TORONTO (miningweekly.com) – Growing investment demand for gold, combined with declining mine production levels in the longer term, will continue to support strong prices for the “foreseeable future”, Barrick Gold CEO Aaron Regent asserted on Wednesday.
Although demand for the metal has strengthened significantly, the gold market remains small, and is “dwarfed” by other asset classes, he said at the company's shareholder meeting in Toronto.
As a result, a small transfer of investment dollars to the gold market could have a “substantial” effect on valuations.
“We believe we have barely scratched the surface of further potential investment demand,” Regent said.
“Gold has reasserted itself as an attractive financial asset, as a store of value, a safe-haven investment as an alternative to currencies, stocks and bonds.”
On the one hand, central banks, which have historically been net gold sellers, appear to be rethinking their portfolio strategies, and are diversifying their holdings into gold, Regent said.

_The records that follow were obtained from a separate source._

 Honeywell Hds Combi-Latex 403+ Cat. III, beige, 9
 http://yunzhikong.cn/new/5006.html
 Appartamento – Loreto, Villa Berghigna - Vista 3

Net official sales of gold are sharply lower, and net buying in the last few quarters “would seem to indicate a change in sentiment is clearly under way”, he said.
Secondly, investment demand for the metal has grown significantly, as investors seek gold's security as a hedge against future inflation or currency debasement.

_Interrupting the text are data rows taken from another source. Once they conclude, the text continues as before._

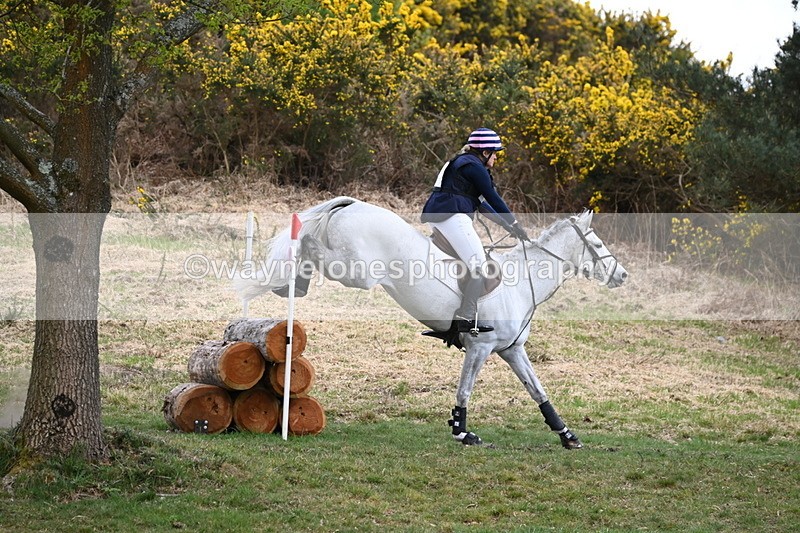 WJ6_1006 - Time 14:53 to 15:16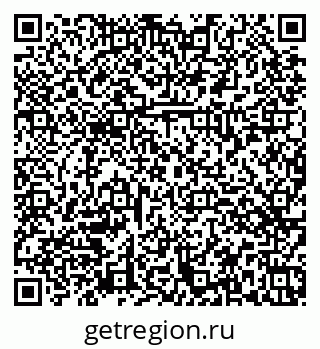 79374475613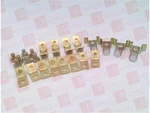 General Electric 55-152313G009 / 55152313G009 (new In Box). Fixed Price $136.06.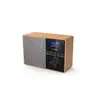 Portatīvā radio Philips TAR5505/10 Photo 4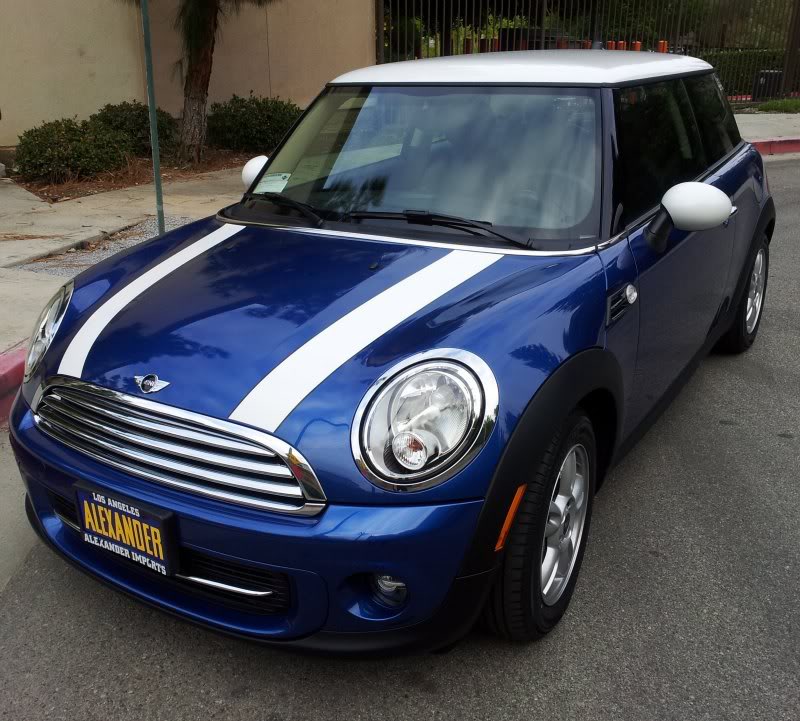 Name: BlueMini2.jpg
Views: 32
Size: 111.2 KB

Worries about unprecedented levels of government debt outstanding, ongoing global imbalances and the concerns countries have over excess US dollar reserves, combined with risk aversion over escalating sovereign credit worries in Europe, “position gold to benefit, as investors and central banks look for alternatives to the major currencies of the world”, Regent said.
Gold futures rose to their highest levels this year on in New York on Wednesday, with gold futures for June delivery touching $1 175,30/oz on the Comex in New York.
'LET'S JUST PRAY'
Barrick's venerable chairperson and founder Peter Munk agreed with Regent's assessment.
“A lack of confidence in governments that issue paper currency is declining by the hour and by the day,” he commented.
This declining confidence will send investors heading for gold, to preserve their wealth, he said.
But Munk warned against projections that the gold price will rise sharply to much higher levels.
“Let's just pray, I don't care how many shares in Barrick you have, let's just pray that it's not going to go out of control....that gold will not jump up to two, or three or four thousand dollars.
“You don't want to be living in a country, you don't want to be living in a social structure, where the overall lack of confidence in the government would have reached that kind of level,” Munk insisted.
He said that the best way forward for gold would be a continuation of the metal's gains over the last ten years.
“I think the last decade's trend, a gradual, normal increase, totally in proportion with the increased demand,” Munk told reporters after the meeting.
“That to me, is the healthy, normal development of a commodity price.
“But a sudden jump like these gold bugs talk about, to me, would be a very bad thing.”